%%
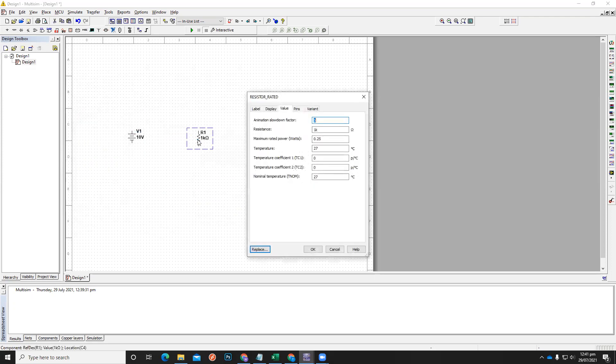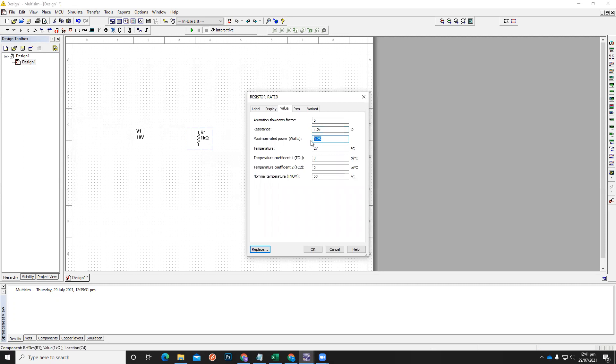Okay, let's say the value of this resistor is 1.2 kilo-ohms. Maybe you can have the maximum power rating of this one, let's say it is 1 watt.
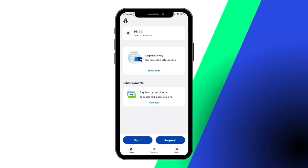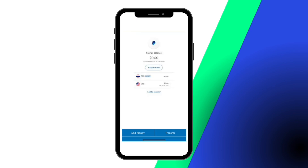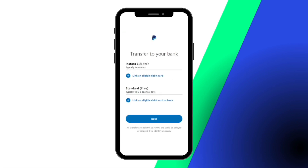log into your PayPal app and tap on your balance in the home screen. Next, tap transfer money and you will see two options: one, instant transfer, and two, standard transfer.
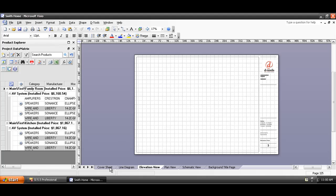We have different page types down here. There's a Cover Sheet, which isn't really intended for any of our shapes — you could put project information on this, insert a picture of the client's house or the building that you're working on. It's just a Cover Sheet. Then we have a Line Diagram, Elevation Page, Plan View, and Schematic View Page. Those are the four page types that we have in SI5.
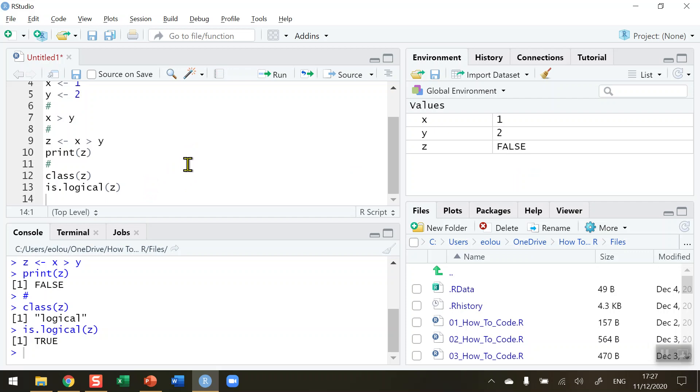So that's how you specify a logical data type in R. I hope you found this video useful. Thank you for your attention.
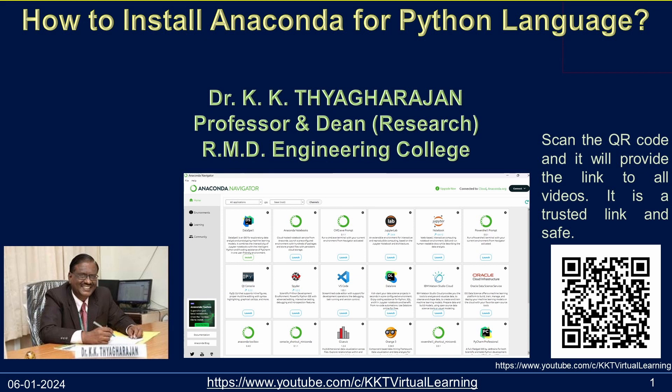Hello, in this video you will learn how to install Anaconda software on your laptop that has Windows Operating System. Anaconda is a free open source distribution of Python and R languages.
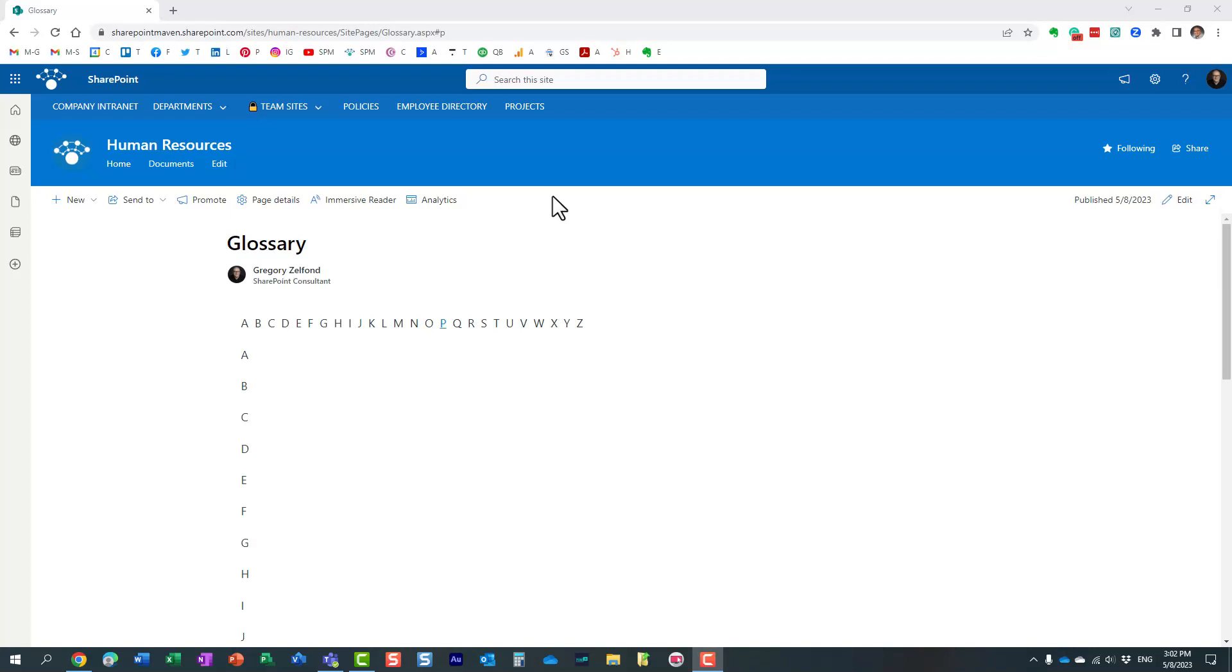Hello, this is Greg from SharePoint Maven, and in today's video I would like to show you how you can create a glossary knowledge base in SharePoint Online.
%%
[Prompt] Output exactly the lines from the first line of the records through the line containing "log into your". Leave out every picture.

[Task output]
Okay, let's say the value of this resistor is 1.2 kilo-ohms. Maybe you can have the maximum power rating of this one, let's say it is 1 watt.
log into your PayPal app and tap on your balance in the home screen. Next, tap transfer money and you will see two options: one, instant transfer, and two, standard transfer.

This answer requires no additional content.